A Ledger is a directed acyclic graph (DAG) of commits, where an edge (c1, c2) connects a commit c1 to another commit c2 if and only if the transaction of c1 uses a contract ID created by or used in the transaction in c2.

Definition top-level action:

For a commit, the root actions of its transaction are called the top-level actions. A top-level action of any ledger commit is also a top-level action of the ledger.

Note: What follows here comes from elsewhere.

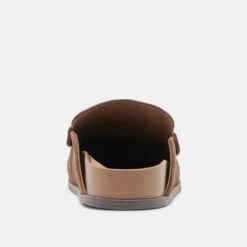 JODERO FLATS DK BROWN SUEDE(Jodero Flats Dk Brown Suede) -Dolce Vita Shop DOLCEVITA FLATS JODERO DK BROWN SUEDE 05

A Canton Ledger thus represents the full history of all actions taken by parties. The graph structure of the Ledger induces an order on the commits in the ledger. Visually, a ledger can be represented as a sequence growing from left to right as time progresses. Below, dashed vertical lines in purple mark the boundaries of commits, and each commit is annotated with its requester(s). Blue arrows link each Exercise and Fetch action to the Create action of the input contract. These arrows highlight that the ledger forms a transaction graph.

For example, the following Daml Script encodes the whole workflow of the running DvP example.

  let eurAsset = SimpleAsset with
        issuer = bank1
        owner = alice
        asset = "1 EUR"
  eur <- submit bank1 do createCmd eurAsset
    
  let usdAsset = SimpleAsset with
        issuer = bank2
        owner = bob
        asset = "1 USD"
  usd <- submit bank2 do createCmd usdAsset
    
  proposeDvP <- submit alice $ do
    createCmd ProposeSimpleDvP with
        proposer = alice
        counterparty = bob
        allocated = eur
        expected = usdAsset
  disclosedEur <- fromSome <$> queryDisclosure alice eur

This workflow gives rise to the ledger shown below with four commits:

  • In the first commit, Bank 1 requests the creation of the SimpleAsset of 1 EUR issued to Alice (contract #1).

  • In the second commit, Bank 2 requests the creation of the SimpleAsset of 1 USD issued to Bob (contract #2).

  • In the thrid commit, Alice requests the creation of the SimpleDvpPoposal (contract #3).

  • In the forth commit, Bob requests to exercise the AcceptAndSettle choice on the DvP proposal.

The sequence of commits for the whole DvP workflow. First, banks 1 and 2 issue the assets, then Alice proposes the DvP, and finally Bob accepts and settles it.

Note

The Ledger does not impose an order between independent commits. In this example, there are no edges among the first three commits, so they could be presented in any order.

As the Ledger is a DAG, one can always extend the order into a linear sequence via a topological sort. For the next sections, we pretend that the Ledger is totally ordered (unless otherwise specified). We discuss the more general partial orders in the causality section.